- Battle of Sidi Abdullah: Part of the Italo-Turkish War
| Date | 3 March 1912 |
| Location | Derna, Ottoman Tripolitania (now Libya)32°45′20.21″N 22°38′15.88″E﻿ / ﻿32.7556139°N 22.6377444°E |
| Result | Ottoman victory |

Belligerents
- Kingdom of Italy: Ottoman Empire Senussi Order

Commanders and leaders
- Luigi Capello: Mustafa Kemal Bey İsmail Enver Bey Ahmed Sharif as-Senussi

Strength
- 15,000–16,000: 8 officers 160 soldiers 7,742 Arabs

Casualties and losses
- 150–200: Unknown

= Battle of Derna (1912) =

Part of the Italo-Turkish War

The Battle of Derna, also known as the Battle of Sidi Abdullah (Arabic: معركة سيدي عبد الله), occurred near Derna on 3 March 1912, during the Italo-Turkish War.

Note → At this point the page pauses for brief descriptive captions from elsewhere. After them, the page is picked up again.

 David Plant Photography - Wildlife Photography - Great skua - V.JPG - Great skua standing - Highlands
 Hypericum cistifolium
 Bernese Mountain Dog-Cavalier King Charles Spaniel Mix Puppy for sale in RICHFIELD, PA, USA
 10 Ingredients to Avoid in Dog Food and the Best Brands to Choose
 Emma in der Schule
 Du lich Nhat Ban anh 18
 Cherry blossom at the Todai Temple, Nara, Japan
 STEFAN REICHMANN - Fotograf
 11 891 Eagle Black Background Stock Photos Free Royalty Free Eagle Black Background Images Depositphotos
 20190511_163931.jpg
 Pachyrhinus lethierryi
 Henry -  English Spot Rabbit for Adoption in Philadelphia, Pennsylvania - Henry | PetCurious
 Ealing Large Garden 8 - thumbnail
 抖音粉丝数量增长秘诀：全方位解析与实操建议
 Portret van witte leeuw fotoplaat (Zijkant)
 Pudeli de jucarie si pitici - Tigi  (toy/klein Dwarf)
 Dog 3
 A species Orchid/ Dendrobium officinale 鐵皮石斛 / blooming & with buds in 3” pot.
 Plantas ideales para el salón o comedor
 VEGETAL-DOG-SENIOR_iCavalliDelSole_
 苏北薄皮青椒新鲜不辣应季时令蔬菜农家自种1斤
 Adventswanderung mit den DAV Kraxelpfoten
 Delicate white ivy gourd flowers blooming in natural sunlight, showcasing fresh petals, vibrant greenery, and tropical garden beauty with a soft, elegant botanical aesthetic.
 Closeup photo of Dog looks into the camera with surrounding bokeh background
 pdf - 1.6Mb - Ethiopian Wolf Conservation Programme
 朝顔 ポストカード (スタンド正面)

The battle took place between the Italians led by Luigi Capello and Ottoman-Senussi Forces led by Enver Pasha and Ahmed Sharif as-Senussi. Derna remained under Italy's control after the battle, while Italian prospects to advance into the interior were hindered by the fact that the Ottoman-Senussi remained in control of the Jebel Akhdar highlands.